Eloise Richardson was the first librarian of color in Anne Arundel County.
Richardson wore many hats in her decades as a prominent Annapolitan. She was president of the Annapolis branch of the National Council of Negro Women (founded by Mary McLeod Bethune). The members were all highly educated professionals. In 1952, they held a forum on local radio station WNAV to acquaint the community with their new organization. She was later a columnist for The Capital and later the Afro American, writing community columns. She later founded the patient library at Crownsville State Hospital.
Eliza Mae Robinson
Read more about Eliza Mae Robinson
Eliza Mae Robinson had a long history of activism in Annapolis, organizing the longest rent strike in the history of Maryland.
Robinson, a resident of Ken-Marr Apartments (now Woodside Gardens), helped organize her neighbors to protest living conditions with a rent strike in the 1970s. She took on the U.S. Department of Housing and Urban Development and the former management company - and won! She later served on the board of directors of the Housing Authority of the City of Annapolis (HACA).
Early business tenants at Market House and in Downtown Annapolis included Lucy Smith, John Smith, William Bishop and Moses Lake.
In the early 1800s, Lucy Smith rented Stall No. 9 for at least seven consecutive years in Annapolis Market House. She also operated a bakeshop, “Aunt Lucy’s Bake Shop,”near the corner of Main and Green Streets. John Smith, Jr. was her son and alongside other African American entrepreneurs, including William Bishop and Moses Lake, free blacks owned and operated businesses in downtown Annapolis at the turn of the 19th Century.

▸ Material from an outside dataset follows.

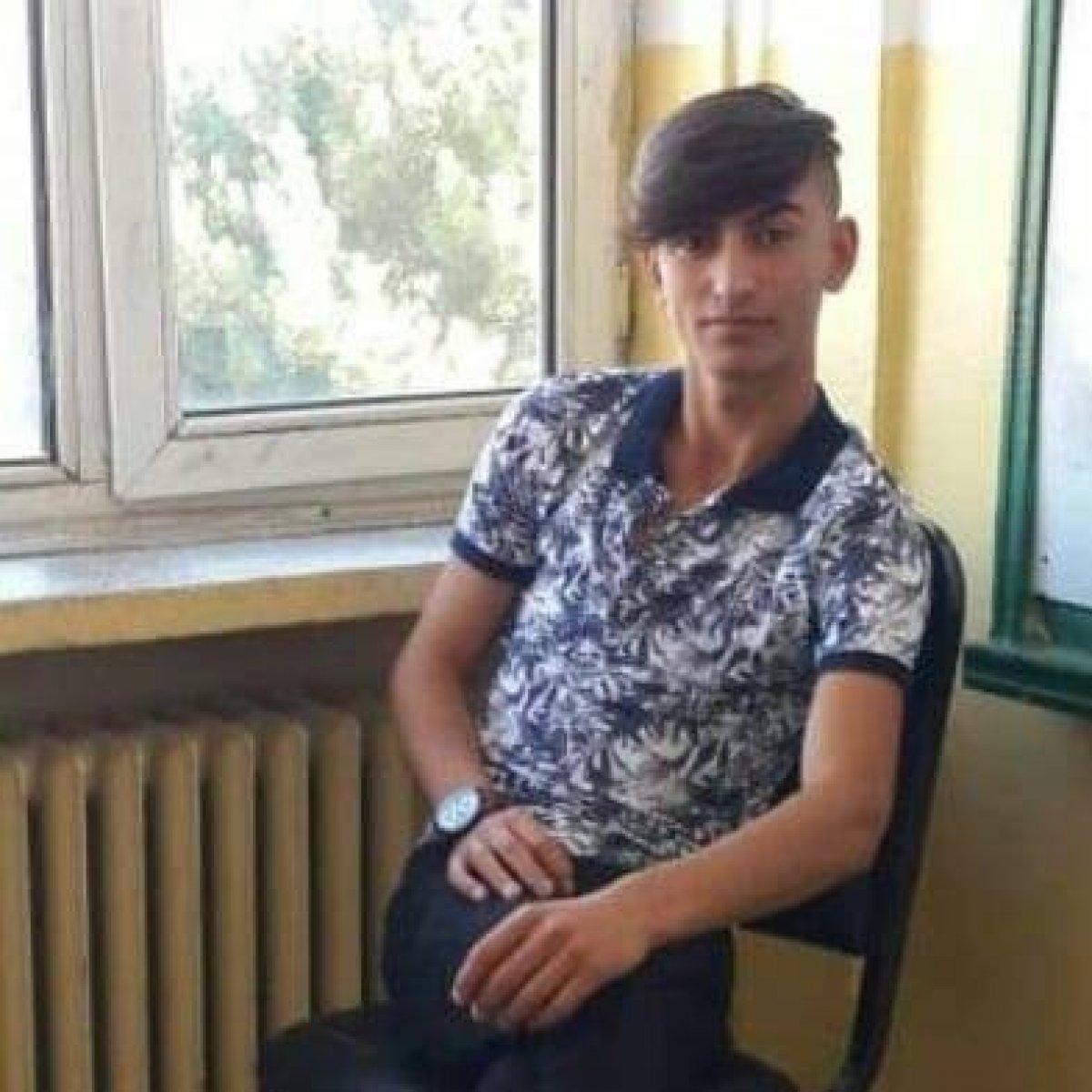 Kütahya'da otomobilin çarptığı iki kardeş biri can verdi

Read More about Josephine Young
Josephine Young (1909 - 1983) served in the Woman Army Corps (WAC) during World War II and was a fixture in the Old Fourth Ward.
After World War One, blacks in Annapolis were suffering disproportionately from smallpox, infant mortality and tuberculosis. By 1938, the Anne Arundel County Tuberculosis Association encouraged black residents to form their own organization. Josephine Young, who would later go on to become a founding member of the Annapolis and Anne Arundel County NAACP, became one of the organizing members. In an effort to combat disease, the group set about to help the community adopt good health and cleanliness practices. Churches organized and the PTA of Stanton ran daily programs.
Sydney Barber, the first Black Woman to lead the Brigade of Midshipmen.
On November 6, 2020 the Commandant Midshipmen announced the selection of the Naval Academy’s first Black woman brigade commander, Midshipman 1st Class Sydney Barber. Barber graduated from Lake Forest High School in Illinois and is now studying engineering at the Naval Academy. Among her many involvements, she is the co-president of the Navy Fellowship of Christian Athletes Club, secretary for the National Society of Black Engineers, and a member of the USNA Gospel Choir and Midshipman Black Studies Club. Barber assembled a team of over 180 midshipmen, faculty, and alumni to establish the Midshipman Diversity Team to promote diversity, inclusion, and equity within the Brigade. She also commenced a STEM outreach program utilizing mentoring, literature, and service lessons to middle school-aged girls of color.